*Aim of the task*.
What you return must match the entries exactly, except that the pictures are gone.
*** Opening Provided records ***
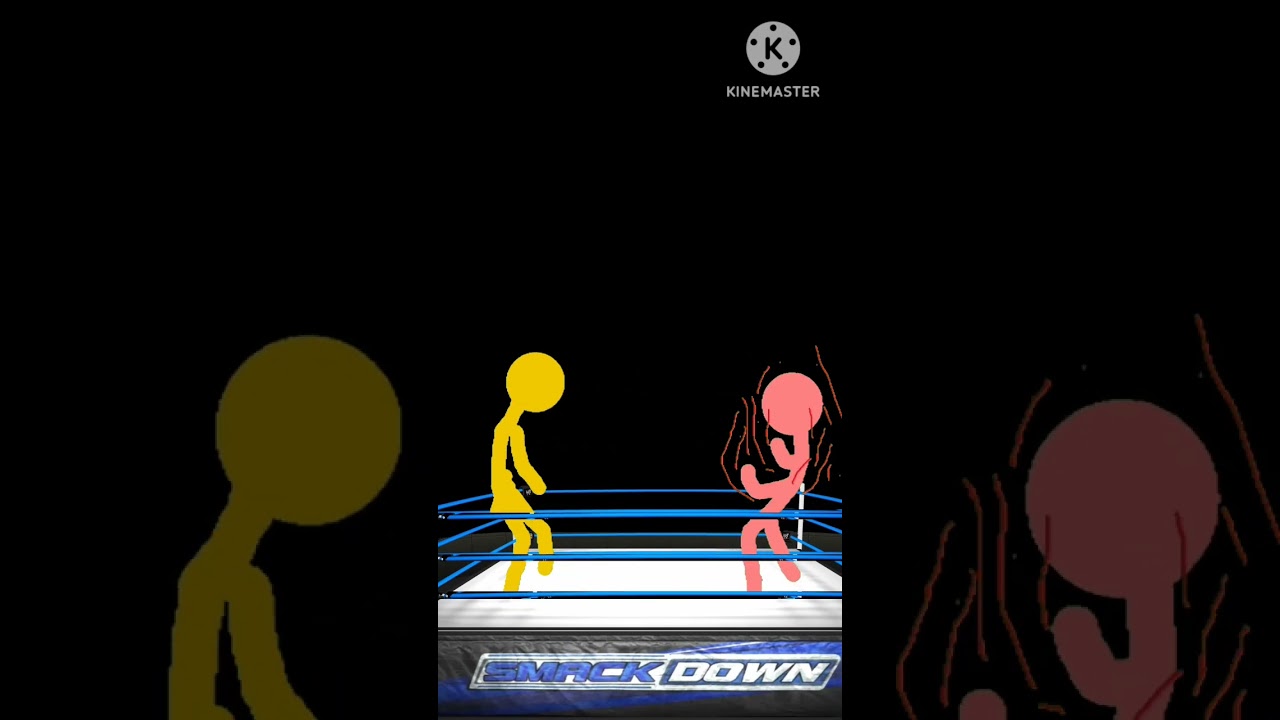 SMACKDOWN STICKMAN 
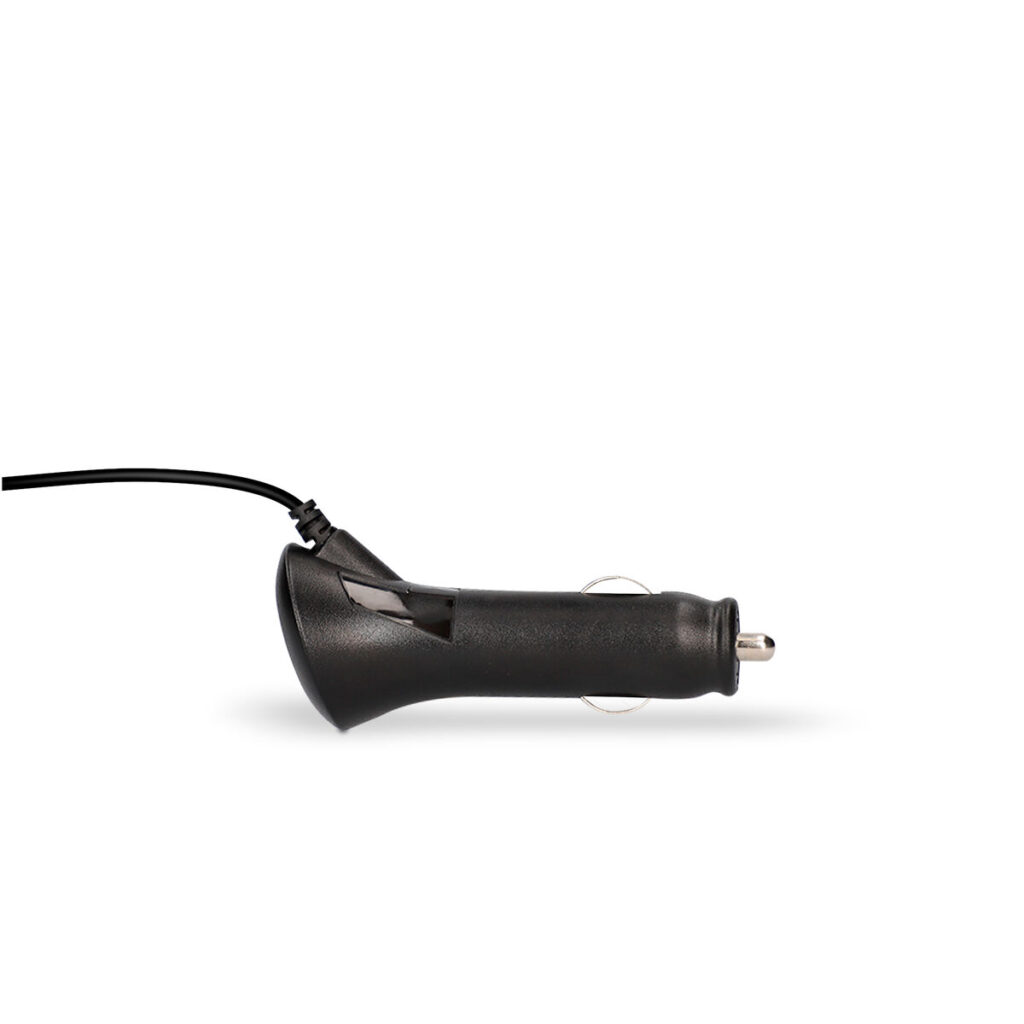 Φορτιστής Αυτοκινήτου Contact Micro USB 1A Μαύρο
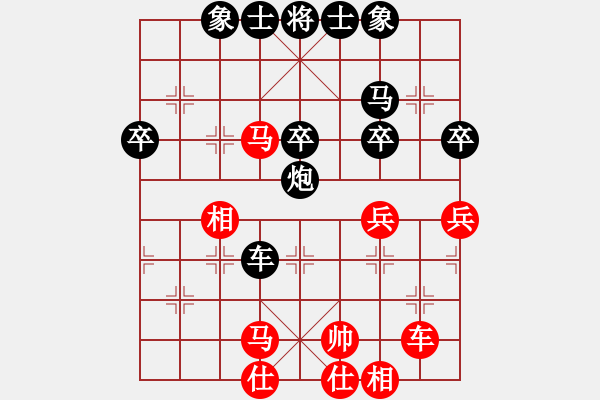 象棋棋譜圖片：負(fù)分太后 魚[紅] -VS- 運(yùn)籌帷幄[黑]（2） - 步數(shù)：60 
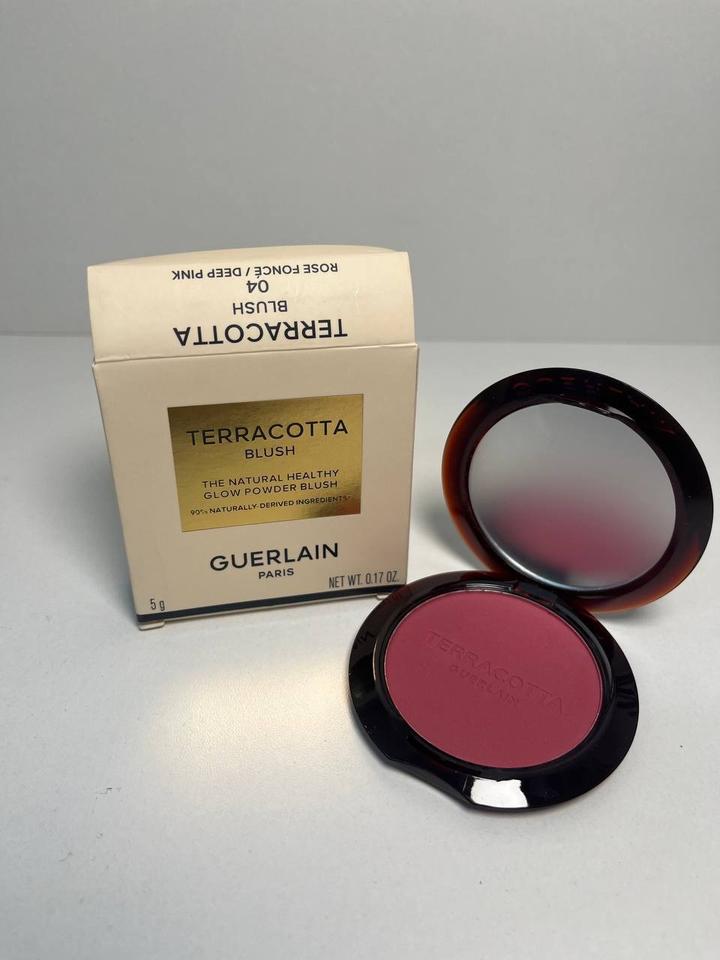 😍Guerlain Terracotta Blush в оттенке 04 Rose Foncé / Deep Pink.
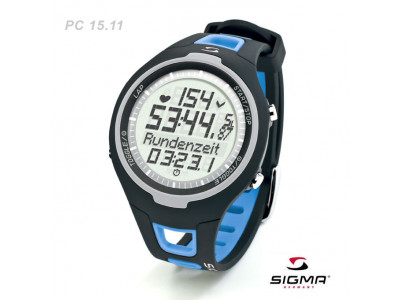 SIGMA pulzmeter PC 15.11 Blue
*** Closing Provided records ***
*Task answer*.
 SMACKDOWN STICKMAN 
 Φορτιστής Αυτοκινήτου Contact Micro USB 1A Μαύρο
 象棋棋譜圖片：負(fù)分太后 魚[紅] -VS- 運(yùn)籌帷幄[黑]（2） - 步數(shù)：60 
 😍Guerlain Terracotta Blush в оттенке 04 Rose Foncé / Deep Pink.
 SIGMA pulzmeter PC 15.11 Blue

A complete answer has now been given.